Machine learning with limited data
Fupin Yao

TL;DR
This paper addresses the challenge of few-shot image classification by proposing novel data augmentation and attention methods, and extends to cross-domain scenarios with unlabeled data, achieving significant improvements over baselines.
Contribution
It introduces two new methods for few-shot learning, including style augmentation and spatial attention, and proposes a framework for cross-domain few-shot learning with unlabeled data.
Findings
Proposed style augmentation improves classification accuracy.
Spatial attention enhances relations between image patches.

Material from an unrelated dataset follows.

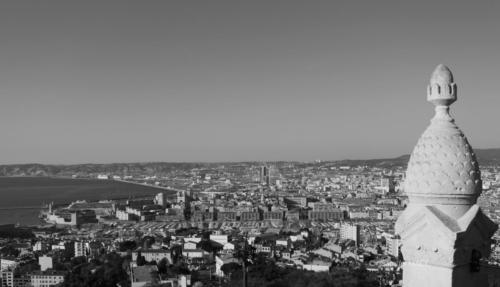De ND de la Garde au Musée des Beaux-Arts - Marseille - Février 2024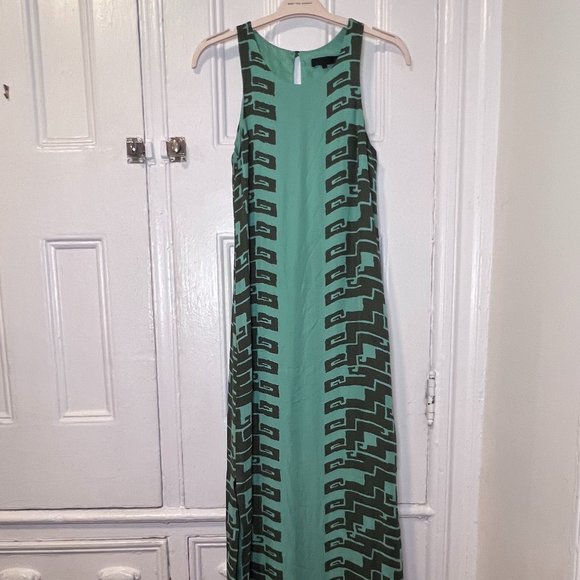Gorgeous 100% Silk Maxi from design ICON Kelly Wearstler - Picture 2 of 5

Methods outperform baseline models significantly.
Abstract
Thanks to the availability of powerful computing resources, big data and deep learning algorithms, we have made great progress on computer vision in the last few years. Computer vision systems begin to surpass humans in some tasks, such as object recognition, object detection, face recognition and pose estimation. Lots of computer vision algorithms have been deployed to real world applications and started to improve our life quality. However, big data and labels are not always available. Sometimes we only have very limited labeled data, such as medical images which requires experts to label them. In this paper, we study few shot image classification, in which we only have very few labeled data. Machine learning with little data is a big challenge. To tackle this challenge, we propose two methods and test their effectiveness thoroughly. One method is to augment image features by mixing…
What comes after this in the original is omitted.